Two Tongues

As a bilingual speaker, language plays a big part in my life. It represents me as a person from two separate countries, meeting at an invisible line and separated by the border of language. In the essay “Borderlands/La Frontera” by Glona Anzalúna she writes “Ethnic identity is twin skin to linguistic identity.” For me personally I find the quote to be totally true. My ethnicity is Mexican and it does reflect on my identity of a Spanish speaker. Yet I also know how to speak English which creates a second persona.

My parents brought me over to the United States from Mexico when I was nine months old. They came here knowing close to zero English, thus making Spanish the first language I learned to speak.

Di: Perro”


“No, Pe-rr-o”

My parents would ask me to pronounce words that desired the famous Spanish “rolling r”, like “carro” and “padre”, and being  2 years old,speaking was something new. My parents brought me over to the United States from Mexico when I was nine months old.
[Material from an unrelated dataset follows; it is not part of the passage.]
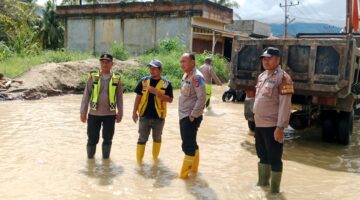 Kapolres Aceh Tenggara Tinjau Banjir di Bambel, Keselamatan Warga dan Pengguna Jalan Jadi Perhatian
Learning a language that was full of accents, “ñ”, double r’s and l’s was tough. My parents taught me how to speak, read and write Spanish. After a while it began to come to me naturally. It was all I knew how to speak. Spanish was the only thing I needed to know how to speak.

When my parents decided to enroll me in preschool I kind of looked forward to it. I remember the first few months of preschool as being really tough because I lacked English speaking skills. The only words I knew were “no” and “yes”. I had trouble communicating with the teachers and other students at first. 

“Me usar el baño”

“What? Speak up.”

“Tengo que usar el baño!” 

“Hey! You, come here and tell me what he wants”

The classroom was always full of children who were English experts compared to me. Not being able to speak English in the class room made me the outsider. With the help of my teachers I began to speak English and use it to communicate with the other kids. My difference began to fade away slowly as the year progressed. I remember how I would use stencils that came in all sorts of shapes; insects, animals, and cars. I would choose one and make a booklet filled with stencil drawings. Then my teacher would help me write out my name under every picture I made; to show that I was the artist yet learning to spell at the same time. 

From then on things were a lot easier. Being with people who only spoke english for 7 hours, 5 days a week really helped shape the way I spoke English for the rest of my life. It was a matter of learning English or continuing to use hand gestures like an advanced gorilla for the rest of my life. 

Being a bilingual has forced me to switch from Spanish to English and then back again depending on my situation. My parents’ little knowledge on the English language makes me their main translator. In elementary school, whenever I mentioned that I spoke Spanish. People would ask me things like: “Are you fluent?” or “Do you speak Spanish at home?”. Being bilingual sort of gave me a title. I didn’t understand why my friends were so amazed when they heard me speaking Spanish with my parents. I guess they saw it as a gift. In my opinion it was just who I was; I didn’t choose to be bilingual. Some people take courses or get a tutor to learn another language. I just happened to have Mexican parents who helped me learn Spanish before English in a country where English was the dominant language. 

I don’t speak much unless I’m close to the person I’m speaking to. The amount of words I say also depend on what language I’m speaking to them in. I speak English with my siblings and cousins who all grew up here and learned English as a second language too. English represents my “Americanized” persona; the part of me that feels like English is my first and only  language. This probably comes from the fact that I have probably spoken more English than Spanish in my life, because of my environment. I usually only speak Spanish whenever I’m talking to a relative or my parents.  My parents also never forget to remind me of my ethnicity and encourage me to speak to my brothers in Spanish so I won’t lose touch with the language. I don’t talk to my brothers in Spanish because they were born here and had me to teach them english before they started school. I see that as an advantage and that creates a difference between us. When I do speak Spanish with someone, especially with someone who doesn’t understand it quite well, I tend to feel a sense of pride. I take into account that it was my first language and it represents my Mexican nationality. 

I do agree that my linguistic identity is a representation of my ethnic identity. I am what I speak. In “If Black English Isn’t a Language, Then Tell Me. What Is?” by James Baldwin he speaks about the relationship between language and identity, saying “It is the most vivid and crucial key to identity”. Knowing how to speak two separate languages gives me two different identities. Using spanish at home and the houses of my relatives I am more formal,using words like “usted” instead of “tú” and “mande” instead of “que”. Speaking with people who are fluent makes it seem more normal and that makes me speak more. This is my identity as the polite Spanish speaking, culture proud Mexican. The part of me that is more seclusive around non-hispanic people.  Anywhere else I use my other identity, the Americanized English Speaker. I grew up learning English and using it most of my life because everyone around me spoke English. Learning English as a second language made me into a part of the American society, where it is useful to know to speak the common tongue.